-- RECORDED DATA follows --

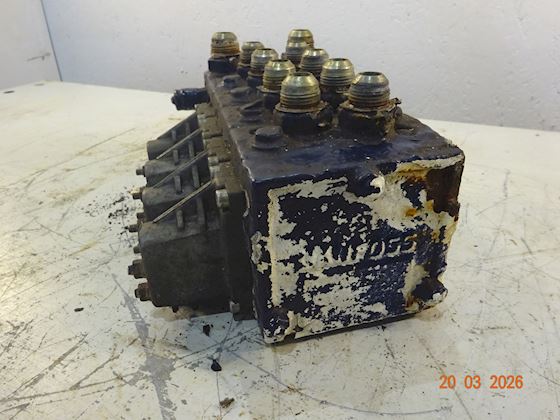 Danfoss 4 Handle Hydraulic Valve Block #2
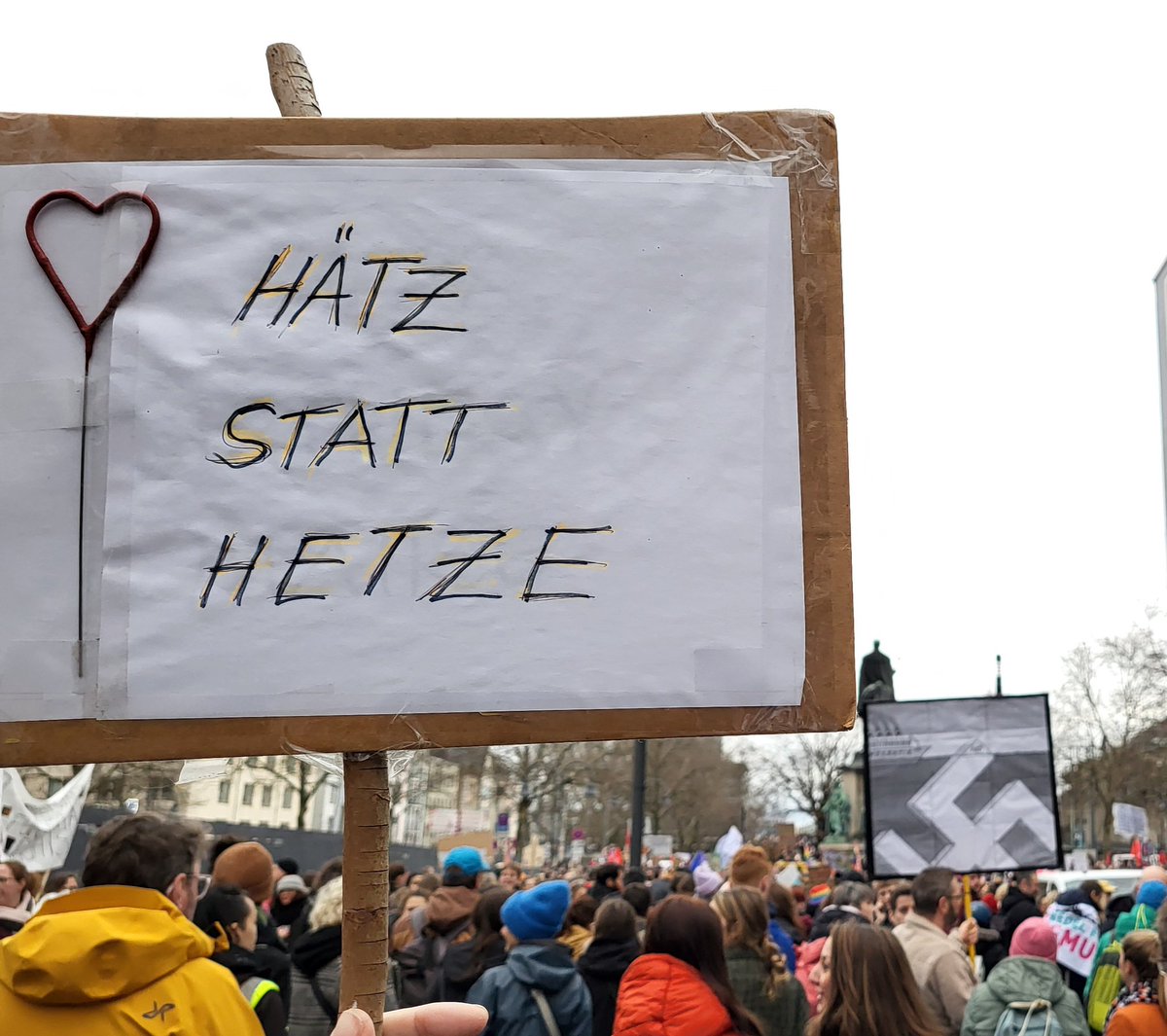 ULentze's tweet photo. Es ist #5vor12 und in #Köln sind alle auf der Straße und werden laut: für #Demokratie und gegen #Rechts
#kölnstelltsichquer
#keinveedelfürrassismus
@kolnomas
@fckoeln
@campact
@diegruenenkoeln
Y#niewiederistjetzt https://t.co/P0zj3eMbN7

-- RECORDED DATA concluded --

* [ACTIVITY]
This task calls for an exact copy of the data above, without pictures.

* [WRITTEN RESPONSE]
 Danfoss 4 Handle Hydraulic Valve Block #2
 ULentze's tweet photo. Es ist #5vor12 und in #Köln sind alle auf der Straße und werden laut: für #Demokratie und gegen #Rechts
#kölnstelltsichquer
#keinveedelfürrassismus
@kolnomas
@fckoeln
@campact
@diegruenenkoeln
Y#niewiederistjetzt https://t.co/P0zj3eMbN7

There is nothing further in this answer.